I have been working on packaging for a project called 'projectM' that includes Markdown formatted docs (e.g.: README.md, BUILDING.md, etc...) My first goal to build the C++ project worked. The second goal was to get the Markdown docs installed as HTML format. This only worked locally, not after uploading & building on Launchpad (Soyuz / buildd)
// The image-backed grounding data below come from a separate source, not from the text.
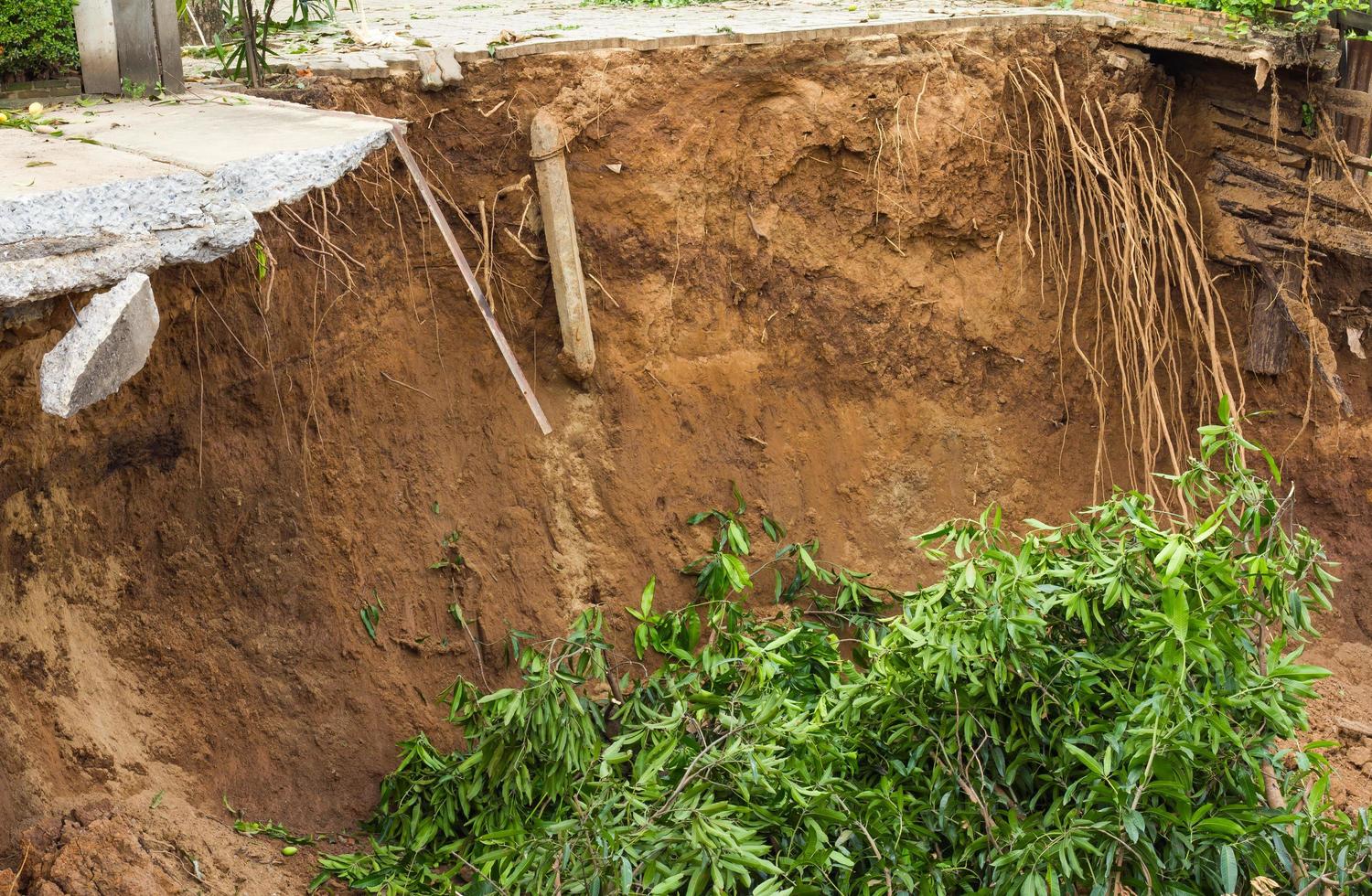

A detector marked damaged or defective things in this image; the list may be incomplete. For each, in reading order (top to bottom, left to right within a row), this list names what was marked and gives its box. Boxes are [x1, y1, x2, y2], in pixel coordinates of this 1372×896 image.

broken concrete chunk [41, 270, 160, 417]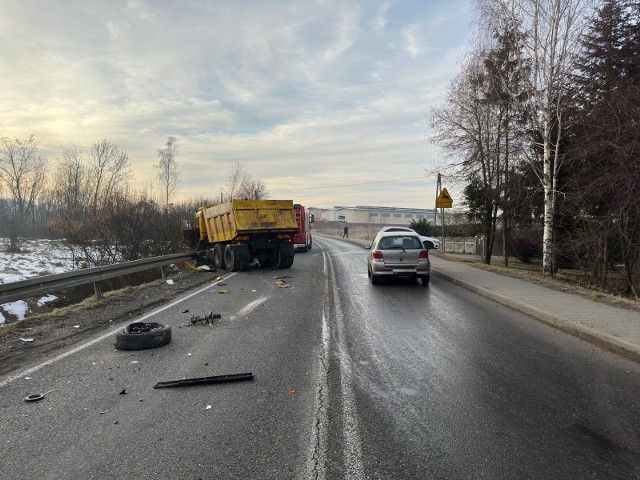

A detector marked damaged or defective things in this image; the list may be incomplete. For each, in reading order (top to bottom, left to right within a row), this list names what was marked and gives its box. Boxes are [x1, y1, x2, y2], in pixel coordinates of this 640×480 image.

crashed truck [181, 200, 298, 270]
detached tire [114, 320, 171, 350]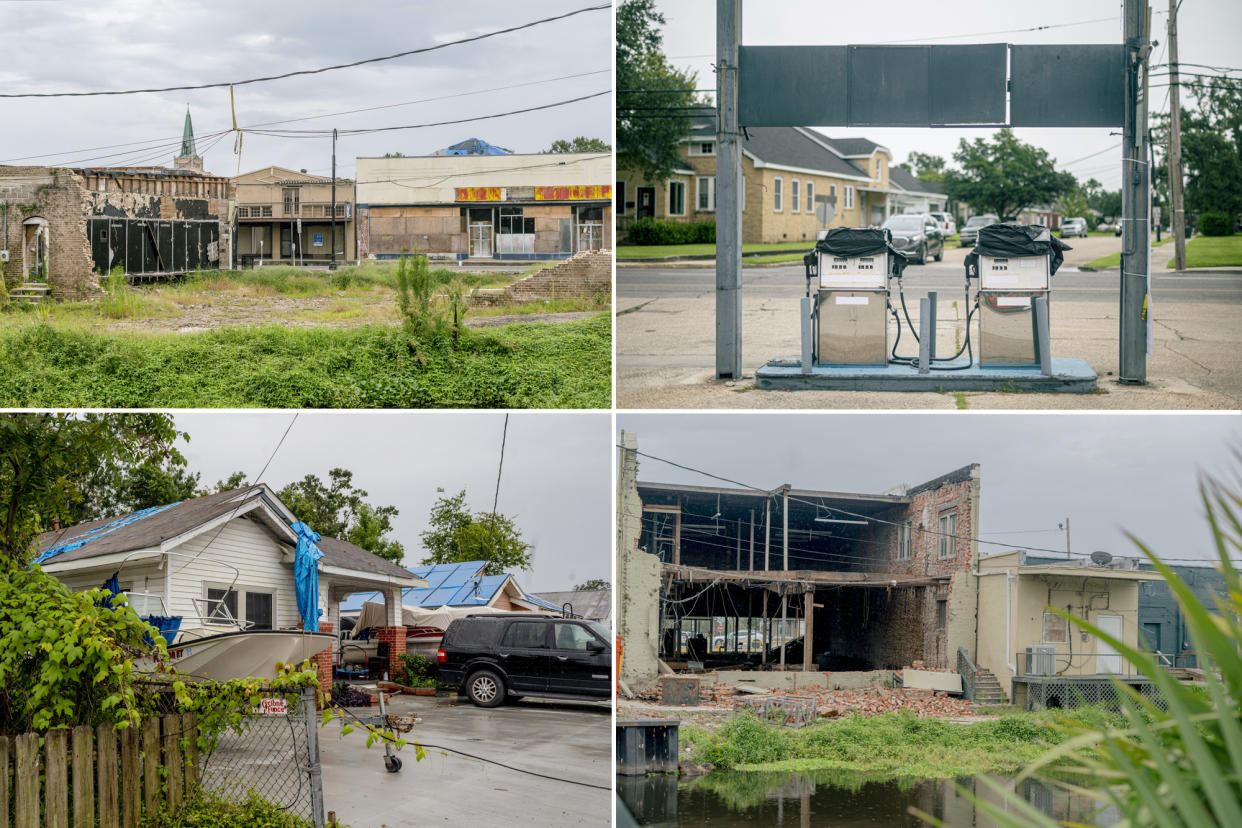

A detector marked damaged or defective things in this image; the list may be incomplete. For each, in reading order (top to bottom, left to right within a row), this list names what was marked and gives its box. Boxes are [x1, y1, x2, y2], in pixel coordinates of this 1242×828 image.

damaged brick building [0, 109, 232, 297]
damaged brick building [613, 434, 978, 695]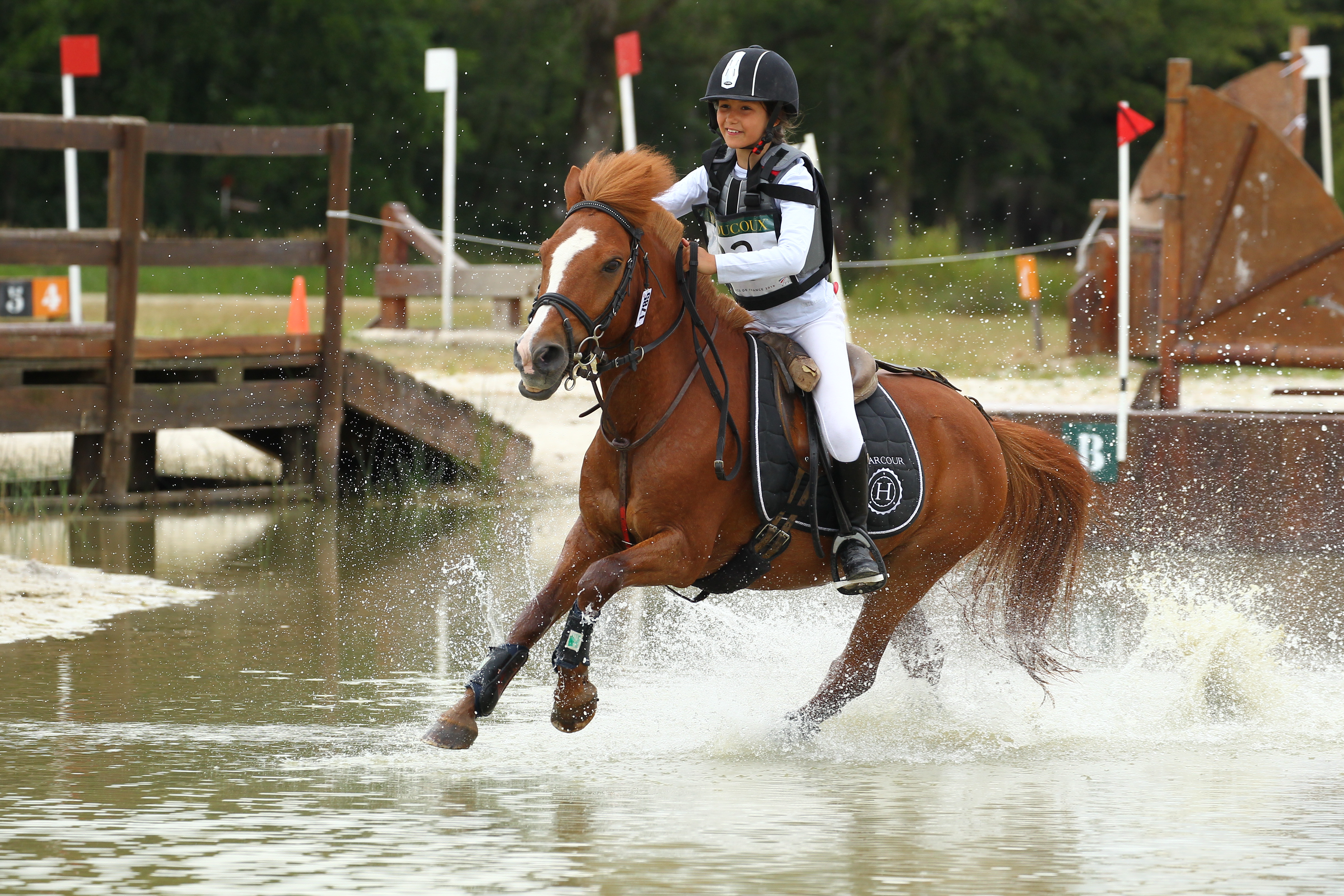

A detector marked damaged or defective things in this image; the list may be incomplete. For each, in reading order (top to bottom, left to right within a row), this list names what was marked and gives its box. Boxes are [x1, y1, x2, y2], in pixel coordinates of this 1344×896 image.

rusty metal obstacle [0, 111, 532, 505]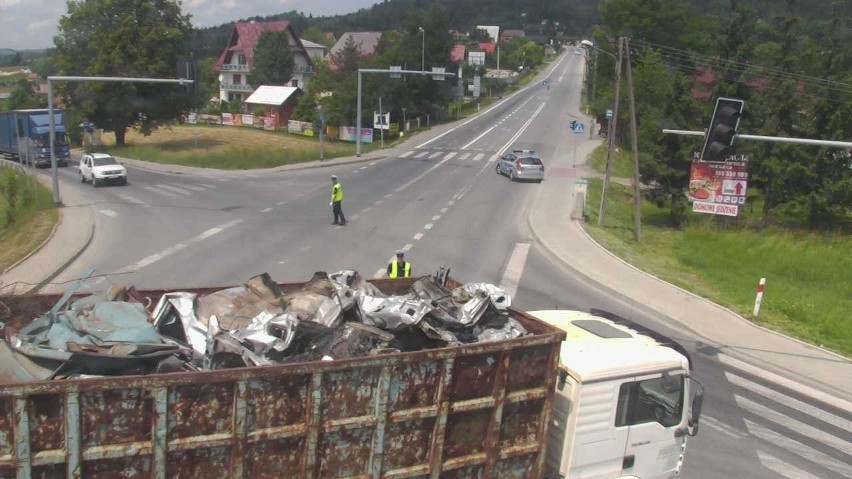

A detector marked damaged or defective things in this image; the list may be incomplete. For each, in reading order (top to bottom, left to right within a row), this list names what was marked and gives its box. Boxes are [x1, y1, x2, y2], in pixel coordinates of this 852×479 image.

rusty cargo container [1, 278, 572, 479]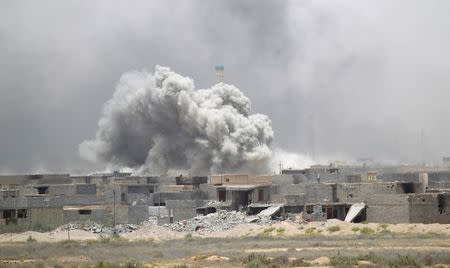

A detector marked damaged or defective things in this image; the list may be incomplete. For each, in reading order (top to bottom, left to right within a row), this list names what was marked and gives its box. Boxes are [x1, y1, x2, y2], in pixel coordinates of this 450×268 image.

damaged concrete building [0, 169, 448, 231]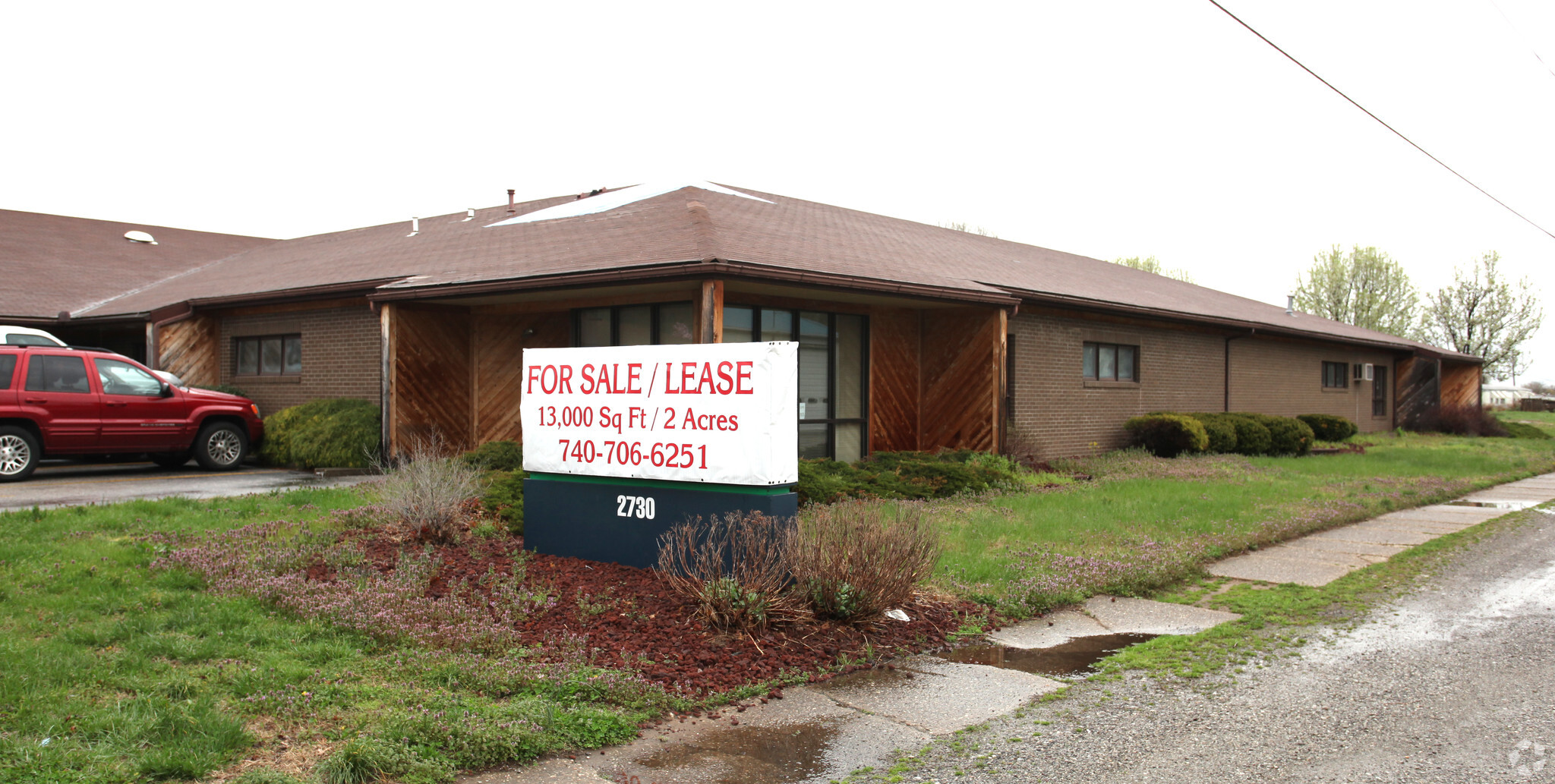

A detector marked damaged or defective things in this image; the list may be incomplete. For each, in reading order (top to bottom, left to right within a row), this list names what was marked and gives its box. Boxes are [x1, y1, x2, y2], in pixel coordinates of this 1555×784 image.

cracked concrete slab [1082, 594, 1238, 638]
cracked concrete slab [808, 656, 1063, 734]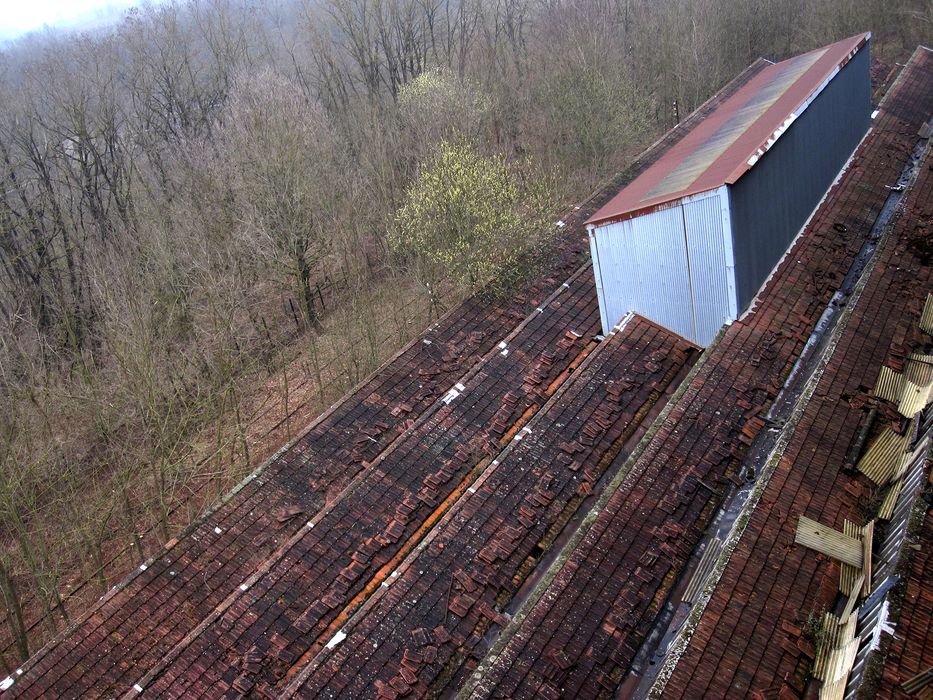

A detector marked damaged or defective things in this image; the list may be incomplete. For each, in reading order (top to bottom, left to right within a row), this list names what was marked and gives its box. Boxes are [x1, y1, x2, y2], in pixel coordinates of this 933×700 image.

rusty red metal roof [588, 32, 872, 227]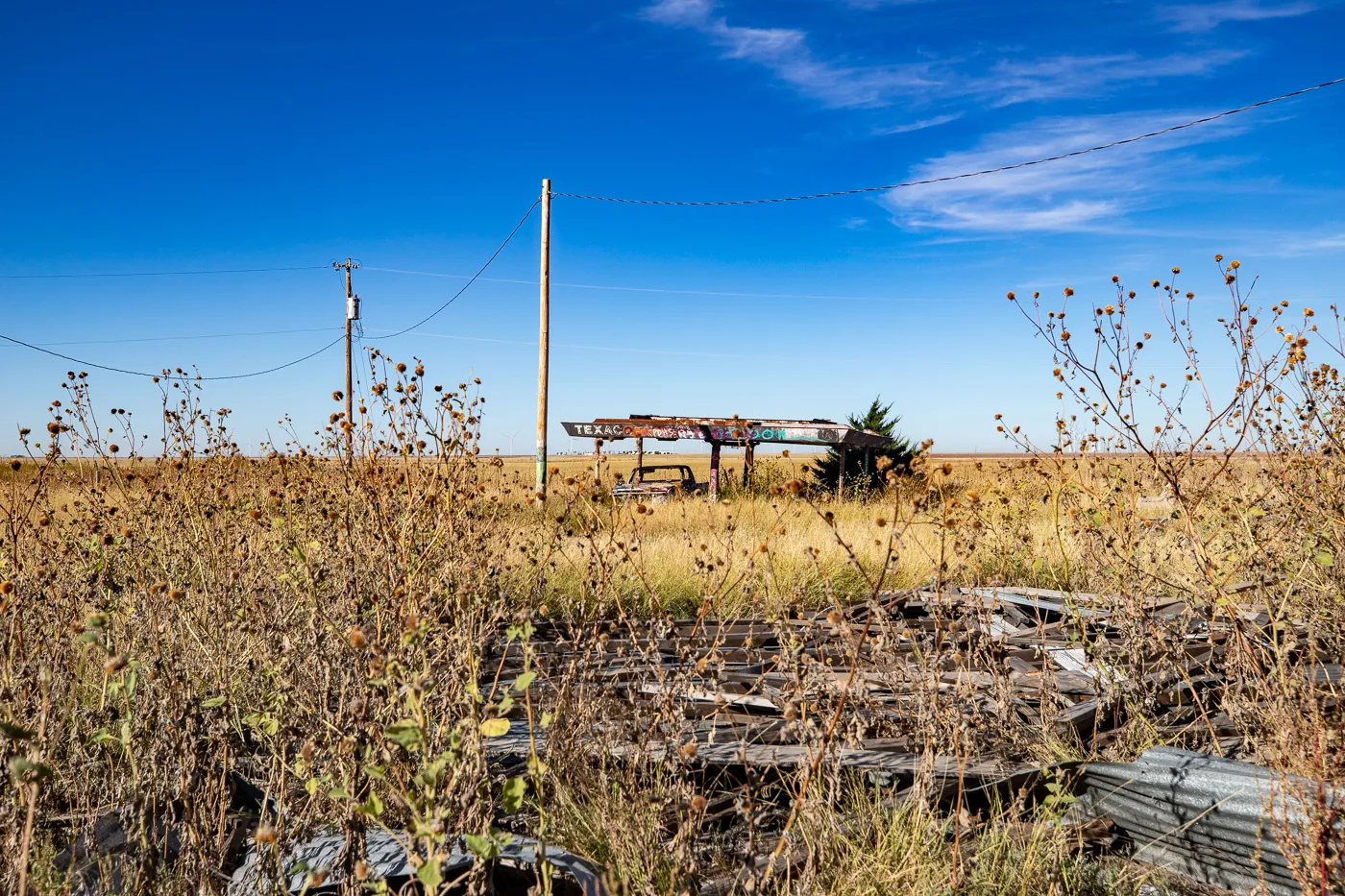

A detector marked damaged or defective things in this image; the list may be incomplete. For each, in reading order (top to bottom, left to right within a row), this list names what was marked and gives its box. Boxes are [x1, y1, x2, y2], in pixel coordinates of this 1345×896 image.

rusted canopy roof [559, 414, 893, 448]
rusted truck [616, 462, 710, 497]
After much searching through the Debian New Maintainers' Guide, and other esoteric online Wikis and resources, I figured out how to get this build working locally. It even will install the HTML docs into 'doc-base', and the README displays with locally embedded images under the package's 'dhelp' section! All the documentation files including images install locally, as they get packaged inside the .deb package during the build.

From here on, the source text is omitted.